T has been practicing a certain piece on the piano and every time it shoots me back to when he was a year old and I was exhausted with the potential of the next baby and our days were quiet ones. And also sometimes very loud.

I was a big fan of Baby Einstein videos—I know they’ve been exposed as the edutainment farce we all knew them to be in the first place, but gack, that half hour of mindless music that captivated T like nothing else were golden half hours. I could sleep, I could write, I could stare at a weird patch of brown on our otherwise white ceilings. And on and on the tape would drone, bada, bada, bada, bada… I can still see the primary colored blocks sliding down ramps and the blue bubbles shimmering in the air.

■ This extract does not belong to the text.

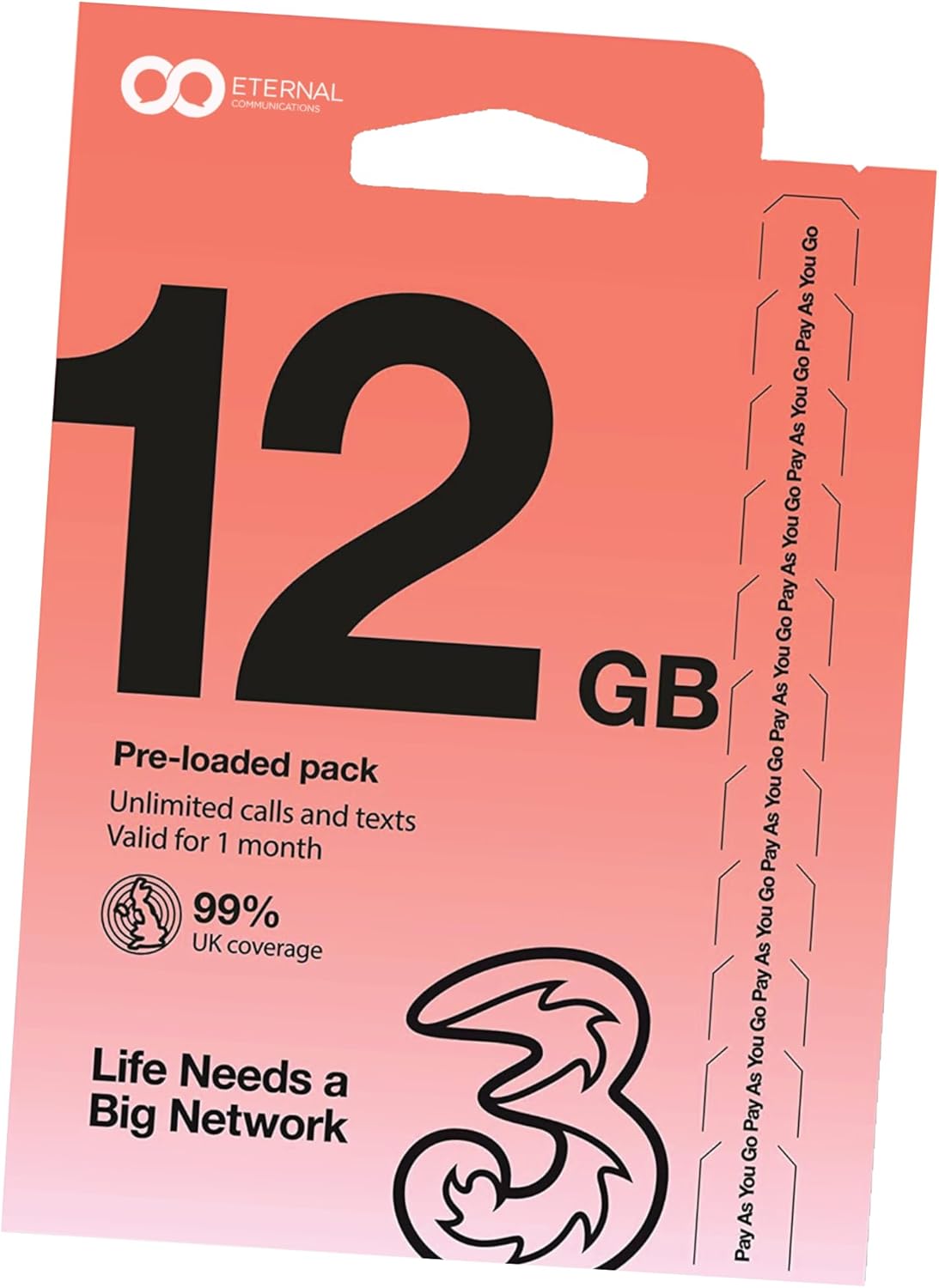 Prepaid Travel Sim Card with 12GB of 5G Data for use in 70+ Countries Worldwide + Unlimited Calls & SMS in EU + Tethering + 75GB Bonus Data in UK (Valid 30 Days)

And now T has been assigned one of those same pieces by his piano teacher. I didn’t recognize it when he first started working on it, and then one night I was cooking dinner and had this overwhelming urge to doze off sitting up, a Pavlovian response to the music he was playing. Bada bada bada badadadadah he plunked in the other room. And the smell of baby came back, and the underlying anxiety that accompanied every hour came back, and the tedious boredom came back, and his adorable “Moon Rover” jammies came back.

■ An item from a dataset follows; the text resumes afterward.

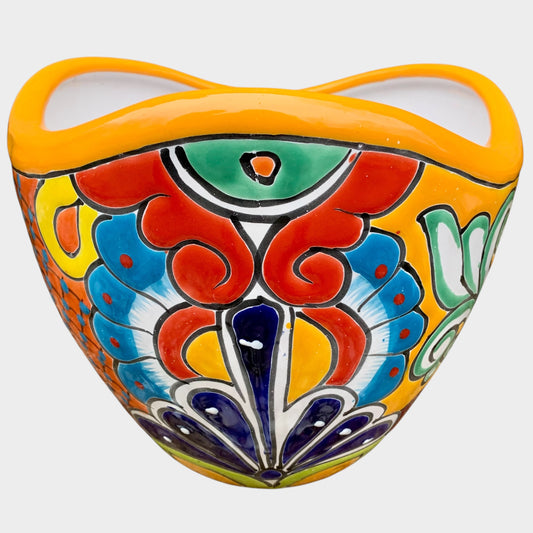 Mexican Talavera, CASA, Bella, planting pot in Amarillo yellow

And last night I dreamed I was pregnant. Not a little pregnant with time to adjust, no, hugely pregnant and settled well in the shadow of looming birth. “Oh, you fool,” I remember muttering to myself. “You were so close.”

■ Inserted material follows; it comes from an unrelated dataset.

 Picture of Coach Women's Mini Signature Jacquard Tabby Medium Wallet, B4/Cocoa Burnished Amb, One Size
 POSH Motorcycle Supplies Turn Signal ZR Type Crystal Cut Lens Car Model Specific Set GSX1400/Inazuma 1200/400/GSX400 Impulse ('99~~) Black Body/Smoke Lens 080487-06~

I loved my babies when they were babies but I like them so much more as functioning people who don’t have to rely on me for their every morsel of food and good will. They say interesting things. They entertain me. They teach me about the Suez crisis. They play me music.

When I hear music from that period of life, or when I spot a certain piece of baby clothing or a special toy or the red wagon or our neighbor’s driveway where baby T used to eat rocks, I feel a weird combination of nostalgic and relieved. Thankful to have had that time, grateful that it’s over. Just like several other things I just deleted because you don’t really want it on record that you compared your kids’ babyhoods to _________.